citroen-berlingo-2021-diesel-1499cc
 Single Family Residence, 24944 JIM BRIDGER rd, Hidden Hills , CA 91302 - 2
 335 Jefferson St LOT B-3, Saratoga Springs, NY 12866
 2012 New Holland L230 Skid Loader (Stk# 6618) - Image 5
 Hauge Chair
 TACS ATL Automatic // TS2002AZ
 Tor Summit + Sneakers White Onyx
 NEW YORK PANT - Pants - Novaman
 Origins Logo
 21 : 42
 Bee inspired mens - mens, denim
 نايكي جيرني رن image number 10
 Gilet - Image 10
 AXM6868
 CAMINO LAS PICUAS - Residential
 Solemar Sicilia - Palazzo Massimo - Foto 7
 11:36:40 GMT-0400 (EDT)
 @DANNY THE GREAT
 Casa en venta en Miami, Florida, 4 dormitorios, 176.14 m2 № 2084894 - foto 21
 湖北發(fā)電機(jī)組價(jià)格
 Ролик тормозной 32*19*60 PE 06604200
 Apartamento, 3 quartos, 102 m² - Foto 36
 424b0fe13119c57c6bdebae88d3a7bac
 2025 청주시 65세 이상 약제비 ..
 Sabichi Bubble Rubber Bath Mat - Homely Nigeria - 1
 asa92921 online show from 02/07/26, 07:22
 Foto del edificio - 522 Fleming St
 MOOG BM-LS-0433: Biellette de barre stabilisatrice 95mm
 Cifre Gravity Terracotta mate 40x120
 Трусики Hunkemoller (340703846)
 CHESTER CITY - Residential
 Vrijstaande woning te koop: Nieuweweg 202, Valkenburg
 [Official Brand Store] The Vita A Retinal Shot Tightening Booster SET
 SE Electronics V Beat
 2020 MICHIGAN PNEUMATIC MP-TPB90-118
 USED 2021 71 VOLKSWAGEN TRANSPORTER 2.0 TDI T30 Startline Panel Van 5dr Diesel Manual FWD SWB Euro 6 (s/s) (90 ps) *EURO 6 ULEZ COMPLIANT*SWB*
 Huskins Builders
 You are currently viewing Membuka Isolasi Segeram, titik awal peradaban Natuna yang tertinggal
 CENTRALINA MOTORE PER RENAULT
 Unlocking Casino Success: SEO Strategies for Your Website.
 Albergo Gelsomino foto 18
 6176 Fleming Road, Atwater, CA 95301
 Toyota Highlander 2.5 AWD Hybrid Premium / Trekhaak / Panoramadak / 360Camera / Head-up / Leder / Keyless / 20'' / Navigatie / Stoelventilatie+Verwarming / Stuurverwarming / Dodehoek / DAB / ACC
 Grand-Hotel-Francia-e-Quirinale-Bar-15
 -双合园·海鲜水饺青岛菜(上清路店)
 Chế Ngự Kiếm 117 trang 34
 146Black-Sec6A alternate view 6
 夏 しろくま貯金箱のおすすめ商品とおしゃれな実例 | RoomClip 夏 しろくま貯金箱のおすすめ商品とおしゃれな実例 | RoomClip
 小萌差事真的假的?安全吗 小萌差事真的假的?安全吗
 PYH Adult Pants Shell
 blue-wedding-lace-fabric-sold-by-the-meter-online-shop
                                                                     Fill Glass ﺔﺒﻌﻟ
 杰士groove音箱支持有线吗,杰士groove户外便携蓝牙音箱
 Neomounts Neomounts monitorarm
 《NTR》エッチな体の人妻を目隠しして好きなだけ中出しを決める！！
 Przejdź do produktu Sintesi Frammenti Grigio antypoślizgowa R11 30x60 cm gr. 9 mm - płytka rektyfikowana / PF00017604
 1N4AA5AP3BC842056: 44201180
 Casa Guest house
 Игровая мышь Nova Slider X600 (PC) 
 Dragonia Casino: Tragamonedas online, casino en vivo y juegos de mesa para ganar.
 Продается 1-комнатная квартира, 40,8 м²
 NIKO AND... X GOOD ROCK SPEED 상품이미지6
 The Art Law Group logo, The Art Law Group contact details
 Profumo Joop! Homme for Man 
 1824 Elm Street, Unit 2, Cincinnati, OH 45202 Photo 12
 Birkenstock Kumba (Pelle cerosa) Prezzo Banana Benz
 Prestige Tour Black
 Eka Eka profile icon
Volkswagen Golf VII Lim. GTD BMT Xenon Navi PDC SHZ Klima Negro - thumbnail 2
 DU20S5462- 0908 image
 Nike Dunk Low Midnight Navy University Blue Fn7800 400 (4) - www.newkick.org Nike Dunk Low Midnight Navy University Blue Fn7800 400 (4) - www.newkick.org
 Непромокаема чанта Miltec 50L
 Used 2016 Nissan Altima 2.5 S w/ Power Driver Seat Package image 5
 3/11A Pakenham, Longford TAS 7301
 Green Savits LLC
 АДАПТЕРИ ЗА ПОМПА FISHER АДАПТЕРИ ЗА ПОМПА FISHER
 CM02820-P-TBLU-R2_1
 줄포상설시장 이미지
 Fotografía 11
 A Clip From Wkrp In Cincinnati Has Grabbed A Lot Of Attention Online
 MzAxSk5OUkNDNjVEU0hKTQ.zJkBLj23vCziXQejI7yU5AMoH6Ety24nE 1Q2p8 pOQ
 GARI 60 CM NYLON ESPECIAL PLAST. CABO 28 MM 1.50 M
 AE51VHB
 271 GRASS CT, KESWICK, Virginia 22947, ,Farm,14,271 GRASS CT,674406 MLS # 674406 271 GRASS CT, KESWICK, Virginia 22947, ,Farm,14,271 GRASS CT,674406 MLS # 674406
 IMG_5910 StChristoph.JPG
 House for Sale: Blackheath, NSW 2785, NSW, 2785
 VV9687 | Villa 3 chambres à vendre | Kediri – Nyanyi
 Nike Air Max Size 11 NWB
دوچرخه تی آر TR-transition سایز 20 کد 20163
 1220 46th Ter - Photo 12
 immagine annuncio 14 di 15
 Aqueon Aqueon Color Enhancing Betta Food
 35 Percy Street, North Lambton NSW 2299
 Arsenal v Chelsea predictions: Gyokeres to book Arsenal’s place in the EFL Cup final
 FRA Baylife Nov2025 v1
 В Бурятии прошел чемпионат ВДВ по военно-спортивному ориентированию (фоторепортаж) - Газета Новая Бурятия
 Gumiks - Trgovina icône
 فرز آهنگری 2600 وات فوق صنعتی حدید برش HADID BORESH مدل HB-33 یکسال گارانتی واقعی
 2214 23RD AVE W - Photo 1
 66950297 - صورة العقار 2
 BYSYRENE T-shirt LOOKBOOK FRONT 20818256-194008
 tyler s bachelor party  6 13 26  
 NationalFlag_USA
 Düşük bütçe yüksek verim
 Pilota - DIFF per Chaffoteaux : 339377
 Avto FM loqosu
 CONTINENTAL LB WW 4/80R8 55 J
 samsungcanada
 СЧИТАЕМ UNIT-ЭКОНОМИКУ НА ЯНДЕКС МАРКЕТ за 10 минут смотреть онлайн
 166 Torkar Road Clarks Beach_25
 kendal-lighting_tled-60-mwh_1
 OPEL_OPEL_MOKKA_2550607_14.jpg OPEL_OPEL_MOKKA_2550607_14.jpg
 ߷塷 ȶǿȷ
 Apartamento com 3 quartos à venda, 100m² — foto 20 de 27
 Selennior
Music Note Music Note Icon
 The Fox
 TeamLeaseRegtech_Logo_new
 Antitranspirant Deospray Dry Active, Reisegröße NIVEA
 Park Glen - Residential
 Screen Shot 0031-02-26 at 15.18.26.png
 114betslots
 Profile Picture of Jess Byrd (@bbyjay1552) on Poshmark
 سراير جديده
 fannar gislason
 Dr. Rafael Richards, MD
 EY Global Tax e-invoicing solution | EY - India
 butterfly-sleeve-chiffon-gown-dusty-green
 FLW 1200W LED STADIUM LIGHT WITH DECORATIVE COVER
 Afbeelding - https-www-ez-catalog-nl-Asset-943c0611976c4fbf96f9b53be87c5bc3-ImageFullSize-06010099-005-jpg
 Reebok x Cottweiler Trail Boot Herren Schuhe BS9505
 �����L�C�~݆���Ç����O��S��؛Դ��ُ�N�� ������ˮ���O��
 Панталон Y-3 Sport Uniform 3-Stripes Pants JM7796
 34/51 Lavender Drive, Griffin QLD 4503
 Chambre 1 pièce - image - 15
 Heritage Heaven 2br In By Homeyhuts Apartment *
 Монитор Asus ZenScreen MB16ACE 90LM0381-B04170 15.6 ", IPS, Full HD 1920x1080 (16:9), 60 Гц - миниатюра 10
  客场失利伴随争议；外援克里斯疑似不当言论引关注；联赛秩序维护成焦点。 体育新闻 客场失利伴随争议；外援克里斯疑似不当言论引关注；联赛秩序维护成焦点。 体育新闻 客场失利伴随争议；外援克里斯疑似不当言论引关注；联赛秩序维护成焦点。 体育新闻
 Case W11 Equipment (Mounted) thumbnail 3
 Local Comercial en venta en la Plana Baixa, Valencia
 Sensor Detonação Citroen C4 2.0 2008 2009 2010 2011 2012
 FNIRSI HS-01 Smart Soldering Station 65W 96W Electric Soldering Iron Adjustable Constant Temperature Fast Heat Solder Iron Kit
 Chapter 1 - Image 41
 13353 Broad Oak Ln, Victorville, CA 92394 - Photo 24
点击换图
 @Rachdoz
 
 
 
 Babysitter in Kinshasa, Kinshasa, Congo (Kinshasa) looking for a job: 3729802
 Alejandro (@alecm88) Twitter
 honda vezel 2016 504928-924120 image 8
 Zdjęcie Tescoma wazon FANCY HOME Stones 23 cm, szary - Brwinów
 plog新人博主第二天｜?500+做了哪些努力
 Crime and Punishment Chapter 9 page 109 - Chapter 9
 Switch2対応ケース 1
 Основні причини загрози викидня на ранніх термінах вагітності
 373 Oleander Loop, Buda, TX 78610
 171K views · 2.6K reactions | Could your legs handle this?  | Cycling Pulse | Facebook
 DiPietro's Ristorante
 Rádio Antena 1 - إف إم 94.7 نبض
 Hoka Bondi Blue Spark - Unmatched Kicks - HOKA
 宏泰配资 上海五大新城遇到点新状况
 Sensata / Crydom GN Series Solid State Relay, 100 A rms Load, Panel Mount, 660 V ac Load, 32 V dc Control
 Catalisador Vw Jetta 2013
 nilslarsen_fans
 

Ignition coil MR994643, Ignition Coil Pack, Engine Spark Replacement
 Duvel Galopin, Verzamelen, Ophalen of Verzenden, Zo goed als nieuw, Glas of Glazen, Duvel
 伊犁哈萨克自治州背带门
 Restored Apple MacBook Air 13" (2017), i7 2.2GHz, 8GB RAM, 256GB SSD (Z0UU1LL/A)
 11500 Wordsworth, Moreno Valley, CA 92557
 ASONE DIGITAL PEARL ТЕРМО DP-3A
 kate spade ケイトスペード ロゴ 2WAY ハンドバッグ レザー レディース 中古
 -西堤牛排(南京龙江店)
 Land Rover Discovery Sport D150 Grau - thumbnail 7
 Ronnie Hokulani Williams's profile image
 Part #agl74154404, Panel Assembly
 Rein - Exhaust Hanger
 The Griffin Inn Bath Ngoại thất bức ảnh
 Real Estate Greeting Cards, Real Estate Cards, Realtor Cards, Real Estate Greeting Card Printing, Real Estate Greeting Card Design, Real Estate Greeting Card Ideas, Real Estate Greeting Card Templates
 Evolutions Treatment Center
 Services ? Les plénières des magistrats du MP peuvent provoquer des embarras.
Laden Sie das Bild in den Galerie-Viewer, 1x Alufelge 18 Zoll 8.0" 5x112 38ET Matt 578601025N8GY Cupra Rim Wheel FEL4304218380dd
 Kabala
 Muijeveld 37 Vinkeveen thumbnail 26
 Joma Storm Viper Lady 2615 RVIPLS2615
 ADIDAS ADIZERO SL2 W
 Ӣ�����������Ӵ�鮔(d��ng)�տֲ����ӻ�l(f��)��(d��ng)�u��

WHAT NEEDS TO BE DONE >> List each line of the records that holds the string "Cincinnati".

TASK RESULT >>
 1824 Elm Street, Unit 2, Cincinnati, OH 45202 Photo 12
 A Clip From Wkrp In Cincinnati Has Grabbed A Lot Of Attention Online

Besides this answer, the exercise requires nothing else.